Activity ▸
For this exercise, the lines from the one with "Still Life Photograph, Fine" through the final line of the data below are to be transcribed exactly, and pictures are to be skipped.

Brief descriptive captions:
== Segment start ==
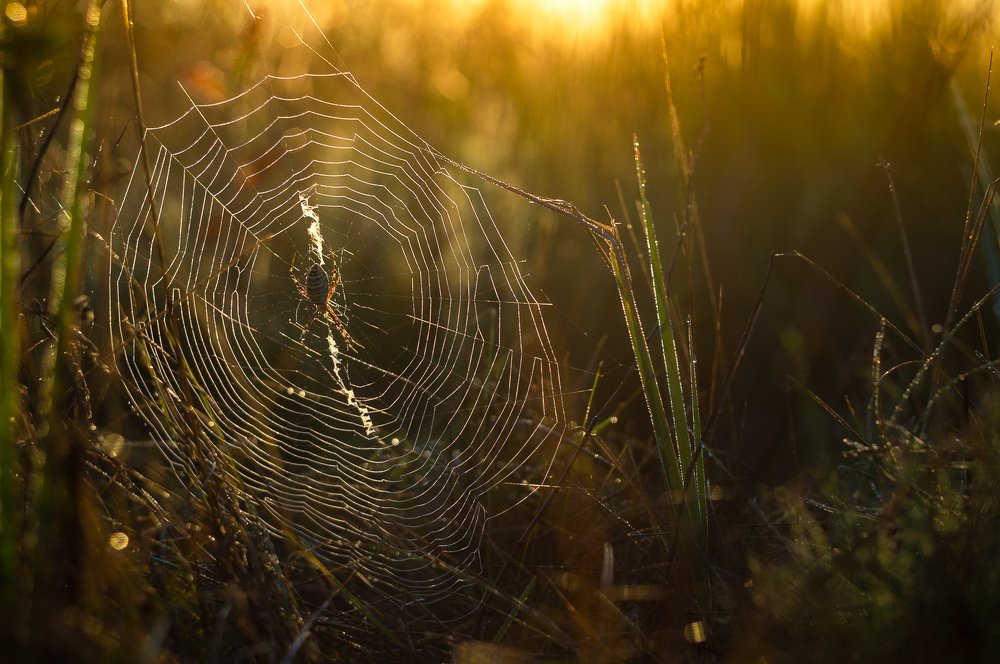 Photograph by Юрий Москалев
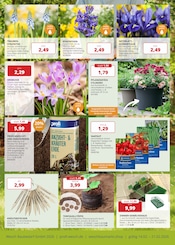 Aktueller PROFI Wesch Prospekt mit Gartenerde, "KOMPETENT. PERSÖNLICH. REGIONAL.", Seite 7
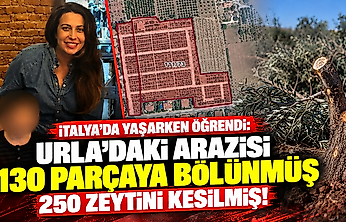İtalya'da yaşarken öğrendi: Urla'daki arazisi 130 parçaya bölünmüş, 250 zeytini kesilmiş!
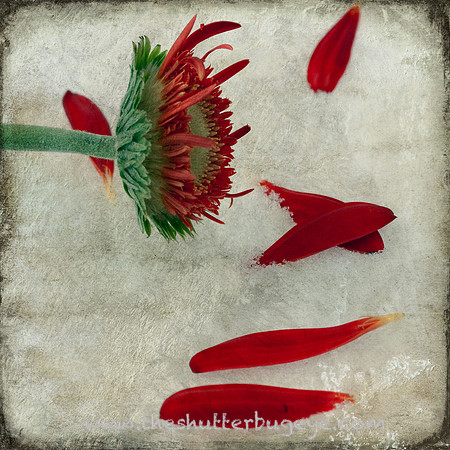 Still Life Photograph, Fine Art Photography Print for Sale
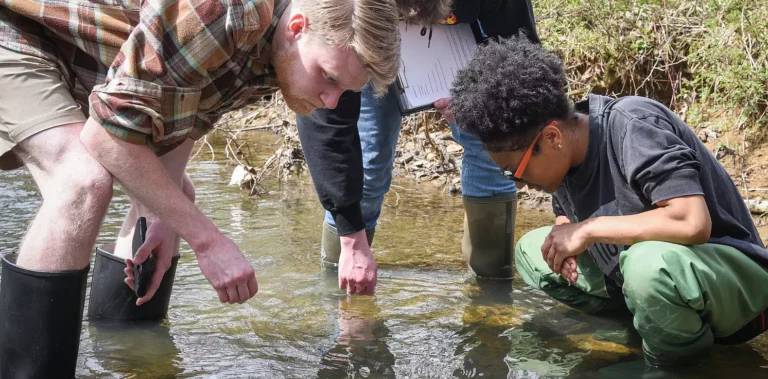 Discover A Minor In Watershed Studies At Susquehanna University
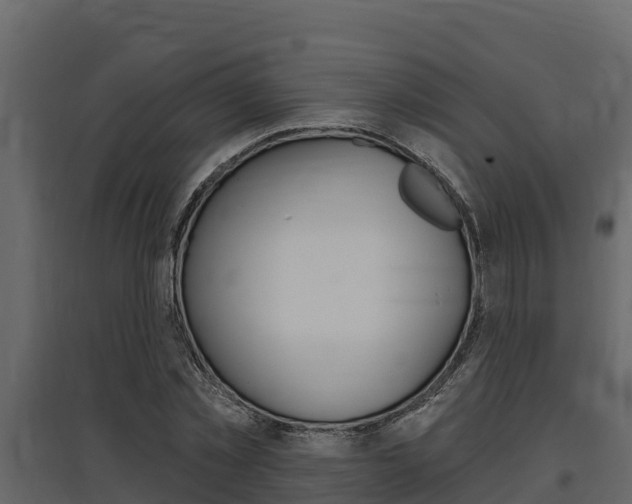 X0000097810781200803140758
== Segment end ==
Output ▸
 Still Life Photograph, Fine Art Photography Print for Sale
 Discover A Minor In Watershed Studies At Susquehanna University
 X0000097810781200803140758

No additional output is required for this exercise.